Grief is like being KO’d by Mike Tyson; it literally leaves you on the floor, not knowing where the hell you are or how you are going to get back up. When you lose someone close to you, however it may happen, the feeling of loss and pain is quite frankly a bitch.
Easter Sunday, April 20th 2014, a day that will forever be etched into my brain, as it is the day my family’s life and mine changed forever. I’d been on an early shift at SSN. I’d been up at 3.30am so by lunchtime I was vegging on the sofa half asleep. Then a Facebook message from someone I don’t know pops up on my phone. I opened it without any thought and there before me was a message from my brother’s friend, Matt, telling me that my brother and a group of his friends had been on a bus travelling from Malaysia back to Singapore and their bus had been involved in an accident. It was raining, the bus was travelling too fast and hit the central reservation, flipping and ended up down a ravine.
I couldn’t breathe. The room was spinning. I remember staring at my phone in utter disbelief. Was this some kind of sick joke? I called Matt and then it was confirmed. My worst nightmare, Harry was dead.
After several disjointed calls with Malaysian Police, I then had to tell my parents the news. I’ll leave it there with the rest of the details as even now writing this it brings back memories that I am still not ready to revisit, but I think you get the gist.

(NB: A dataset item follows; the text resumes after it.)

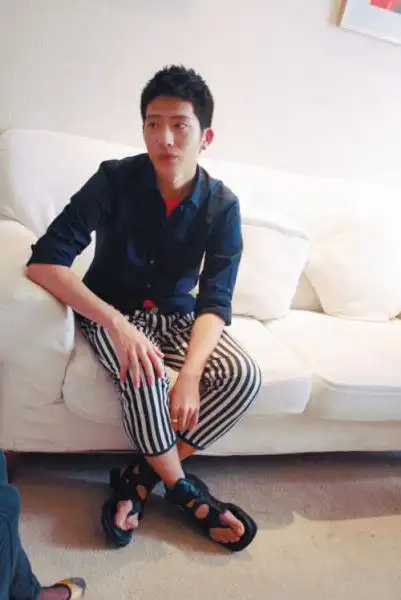 井柏然"回家"签售写真集:拼事业不急恋爱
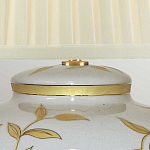 Настольная лампа с фарфоровым основанием бежевого цвета с рисунком и плиссированным абажуром на темной подставке Elstead Lighting варинант исполнения - 8 | Loft Concept в Челябинске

I was lost. Days afterwards I was living in a thick fog of nothingness. Nothing made sense. That’s the thing about grief, it envelops your whole being and even though I have always used exercise as not only a way to keep fit physically but also mentally strong; I couldn’t bring myself to put one front in front of the other.
They say putting your trainers on is the hardest thing to do, never had this been so true! Even armed with the knowledge that getting some fresh air and going for a little run would help, I couldn’t.

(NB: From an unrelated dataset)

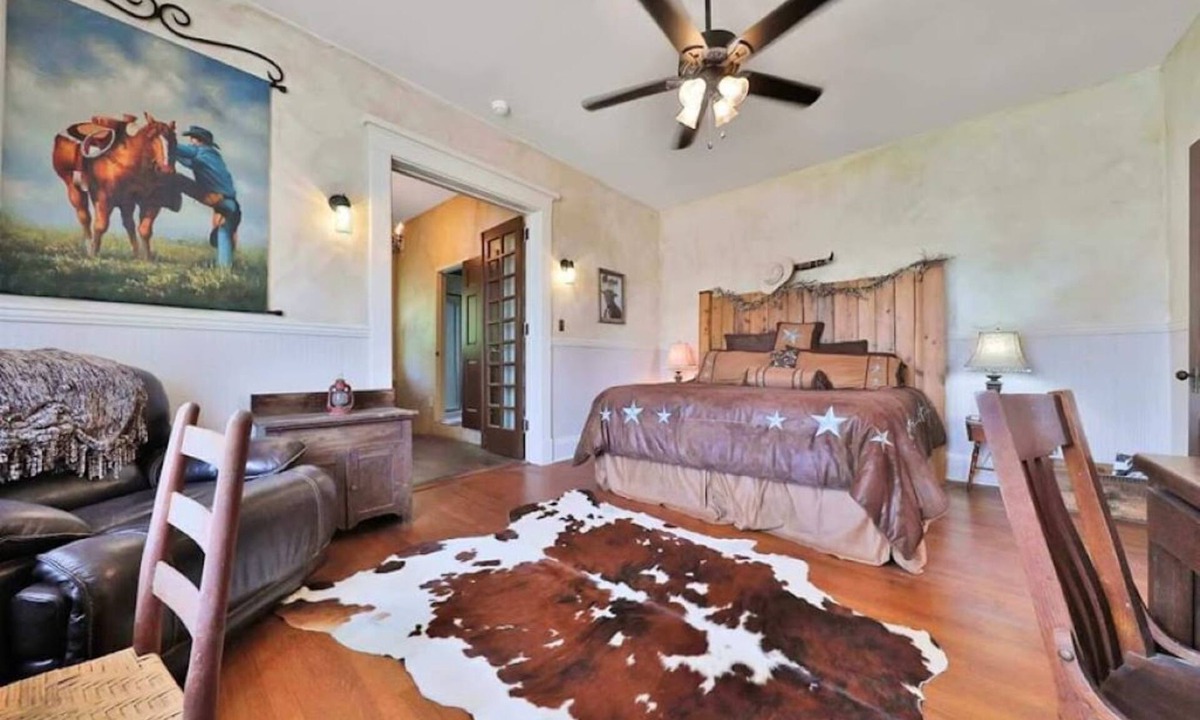 Gainesville Bed & Breakfast | Huge King Suite with Private Bath, Hot Tub and Pool.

I’m not a big talker, I know that sounds mad considering I do just that for a living, but when it comes to my emotions I am a closed book.
I was recommended so many books and articles to read on grief that it was almost overwhelming. I constantly questioned whether what I was feeling was ‘normal’ which when I think about it now is nuts.

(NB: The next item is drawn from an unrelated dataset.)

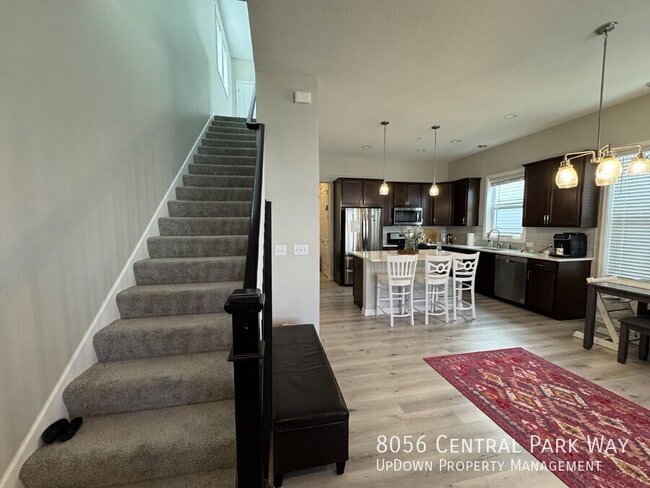 Building Photo - 8056 Central Park Way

Losing a loved one isn’t ever normal so why would your grieving processes be so? Grief is a very personal journey only you yourself can find out what really works in helping you deal, cope and come to terms with what has happened.
One of the hardest things was going back to work but there was a part of me that craved some normality, routine back in my life.
I remember that as soon as my car pulled into the car park at work, I put a smile on my face and wore it almost as a mask. It wasn’t that I didn’t want anyone talking about what happened, but I am very aware that people didn’t know how to talk to me; they didn’t know what to say. I didn’t want sympathy; I guess I just wanted to carry on as normal, or whatever normal was/is in a bid to avoid feeling the way I was feeling. Also, who wants to turn their TV on and see someone sad?!
In a way being back at work helped, I was busy, but what I wasn’t being true to was how I was really feeling. I needed to find other outlets. I tried grief and trauma counseling but really the only thing I found helpful was exercise.
I’ve always loved sport and exercise but never more so as it had a deeper meaning than just purely keeping in shape. Harry, like me, was a sport nut and loved the outdoors. That in itself helped me push myself to put my trainers back on and get out in the fresh air. I still go for runs today and talk to him, more often than not if I’m running behind someone I hear him say “Go on Anna, you can overtake him” which I make myself do. It’s little things like that that work for me.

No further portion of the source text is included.